> TASK ITEM: Without altering a single character, set down all of the data below.

> RECORDS SUPPLIED:
————
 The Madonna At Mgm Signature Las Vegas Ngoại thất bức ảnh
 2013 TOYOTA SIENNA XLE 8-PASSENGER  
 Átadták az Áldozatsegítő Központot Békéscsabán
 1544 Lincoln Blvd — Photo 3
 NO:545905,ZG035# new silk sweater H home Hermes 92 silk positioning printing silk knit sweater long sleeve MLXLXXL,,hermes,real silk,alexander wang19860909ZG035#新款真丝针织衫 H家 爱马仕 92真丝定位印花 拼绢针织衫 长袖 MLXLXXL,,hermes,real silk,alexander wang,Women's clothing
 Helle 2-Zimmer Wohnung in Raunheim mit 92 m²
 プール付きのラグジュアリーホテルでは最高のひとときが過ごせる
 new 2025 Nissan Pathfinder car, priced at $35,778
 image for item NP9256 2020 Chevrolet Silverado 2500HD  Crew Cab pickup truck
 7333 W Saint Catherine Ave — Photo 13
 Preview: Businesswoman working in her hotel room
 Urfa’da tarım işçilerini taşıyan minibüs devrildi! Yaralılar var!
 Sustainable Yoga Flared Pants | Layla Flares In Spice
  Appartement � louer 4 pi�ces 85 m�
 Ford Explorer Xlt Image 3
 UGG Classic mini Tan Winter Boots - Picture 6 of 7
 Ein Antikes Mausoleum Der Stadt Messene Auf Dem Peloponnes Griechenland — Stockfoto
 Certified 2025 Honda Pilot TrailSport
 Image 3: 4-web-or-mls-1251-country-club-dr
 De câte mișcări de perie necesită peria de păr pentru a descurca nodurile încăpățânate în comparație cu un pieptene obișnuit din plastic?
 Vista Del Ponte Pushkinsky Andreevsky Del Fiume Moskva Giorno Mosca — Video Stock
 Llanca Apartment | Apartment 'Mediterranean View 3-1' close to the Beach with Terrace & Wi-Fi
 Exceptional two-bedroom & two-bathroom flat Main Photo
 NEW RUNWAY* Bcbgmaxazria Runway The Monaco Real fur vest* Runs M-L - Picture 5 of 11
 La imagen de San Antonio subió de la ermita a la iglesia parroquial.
————
> PROBLEM SOLUTION:
 The Madonna At Mgm Signature Las Vegas Ngoại thất bức ảnh
 2013 TOYOTA SIENNA XLE 8-PASSENGER  
 Átadták az Áldozatsegítő Központot Békéscsabán
 1544 Lincoln Blvd — Photo 3
 NO:545905,ZG035# new silk sweater H home Hermes 92 silk positioning printing silk knit sweater long sleeve MLXLXXL,,hermes,real silk,alexander wang19860909ZG035#新款真丝针织衫 H家 爱马仕 92真丝定位印花 拼绢针织衫 长袖 MLXLXXL,,hermes,real silk,alexander wang,Women's clothing
 Helle 2-Zimmer Wohnung in Raunheim mit 92 m²
 プール付きのラグジュアリーホテルでは最高のひとときが過ごせる
 new 2025 Nissan Pathfinder car, priced at $35,778
 image for item NP9256 2020 Chevrolet Silverado 2500HD  Crew Cab pickup truck
 7333 W Saint Catherine Ave — Photo 13
 Preview: Businesswoman working in her hotel room
 Urfa’da tarım işçilerini taşıyan minibüs devrildi! Yaralılar var!
 Sustainable Yoga Flared Pants | Layla Flares In Spice
  Appartement � louer 4 pi�ces 85 m�
 Ford Explorer Xlt Image 3
 UGG Classic mini Tan Winter Boots - Picture 6 of 7
 Ein Antikes Mausoleum Der Stadt Messene Auf Dem Peloponnes Griechenland — Stockfoto
 Certified 2025 Honda Pilot TrailSport
 Image 3: 4-web-or-mls-1251-country-club-dr
 De câte mișcări de perie necesită peria de păr pentru a descurca nodurile încăpățânate în comparație cu un pieptene obișnuit din plastic?
 Vista Del Ponte Pushkinsky Andreevsky Del Fiume Moskva Giorno Mosca — Video Stock
 Llanca Apartment | Apartment 'Mediterranean View 3-1' close to the Beach with Terrace & Wi-Fi
 Exceptional two-bedroom & two-bathroom flat Main Photo
 NEW RUNWAY* Bcbgmaxazria Runway The Monaco Real fur vest* Runs M-L - Picture 5 of 11
 La imagen de San Antonio subió de la ermita a la iglesia parroquial.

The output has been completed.